# Records supplied

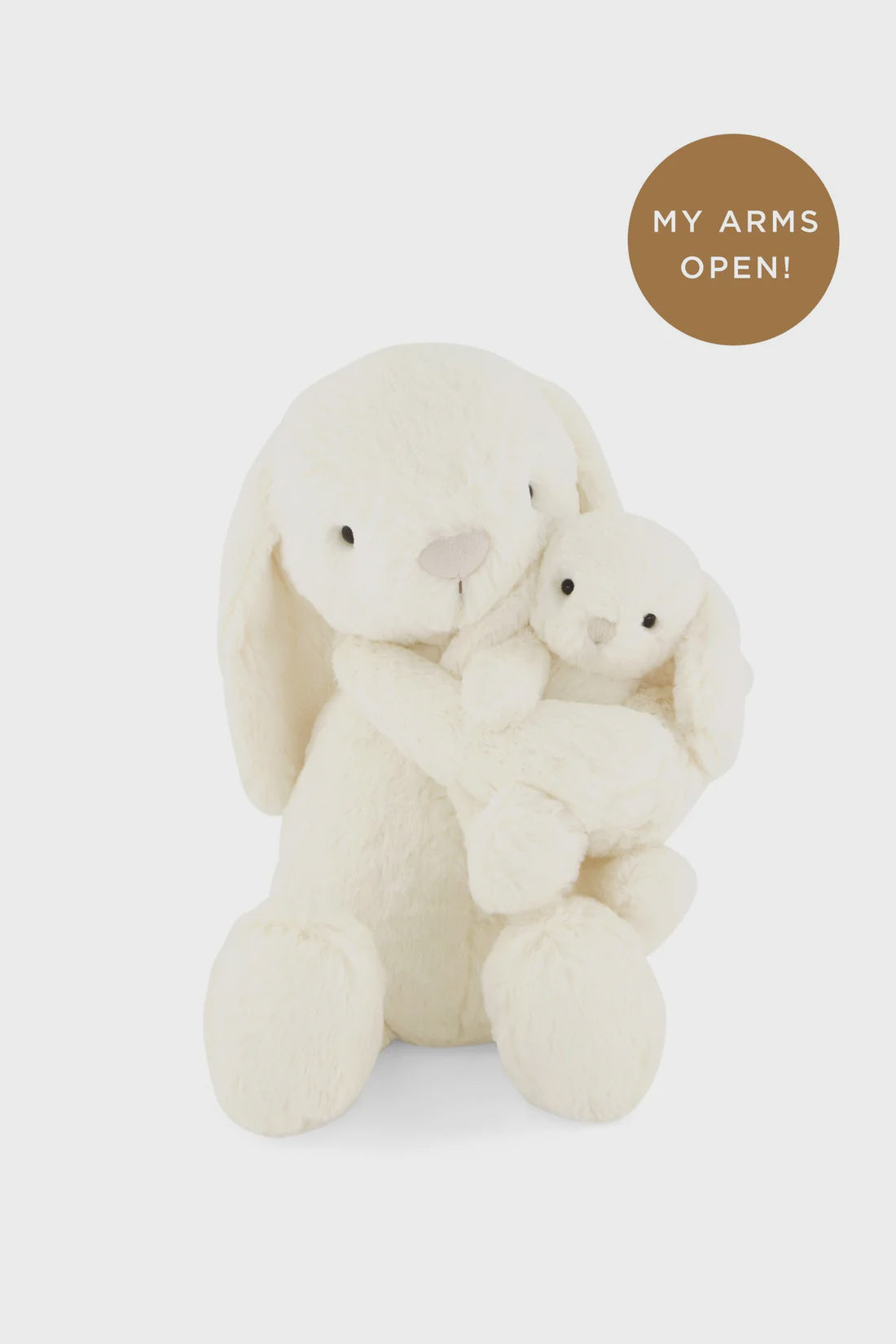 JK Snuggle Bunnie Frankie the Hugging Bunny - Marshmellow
==
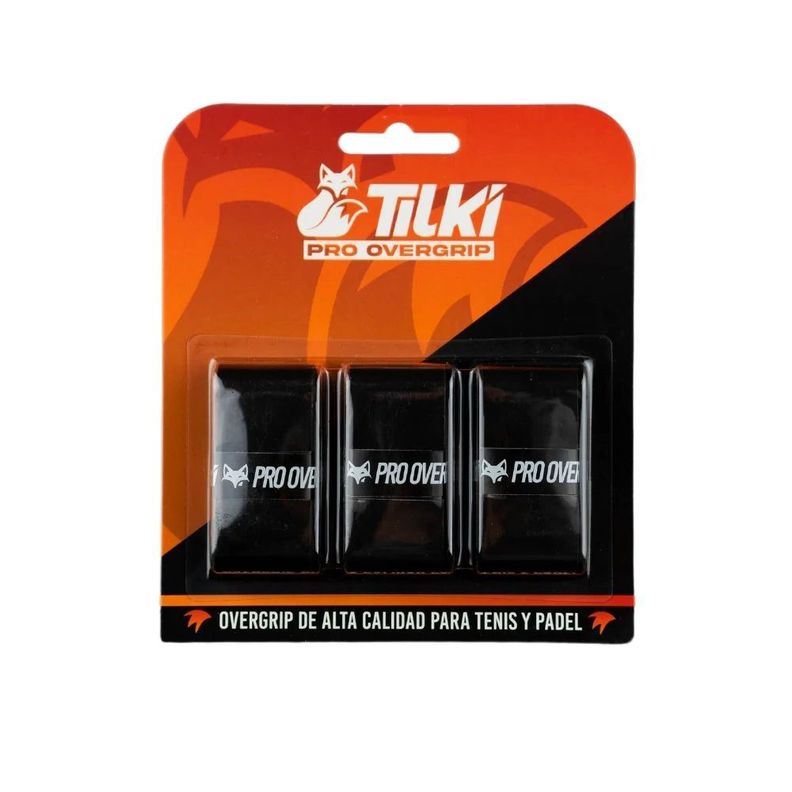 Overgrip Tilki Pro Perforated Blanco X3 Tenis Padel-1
--
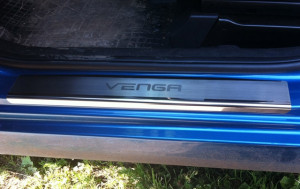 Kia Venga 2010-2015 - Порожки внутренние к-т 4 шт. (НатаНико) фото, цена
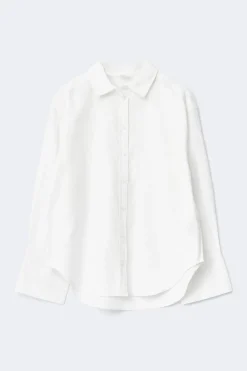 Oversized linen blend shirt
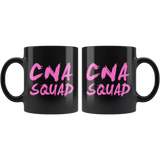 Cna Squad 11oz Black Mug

# What you have to do
For the entries above, print exactly the lines between the one with "Kia Venga 2010-2015" and the one with "Cna Squad 11oz Black Mug", inclusive, with no pictures.

# Task result
 Kia Venga 2010-2015 - Порожки внутренние к-т 4 шт. (НатаНико) фото, цена
 Oversized linen blend shirt
 Cna Squad 11oz Black Mug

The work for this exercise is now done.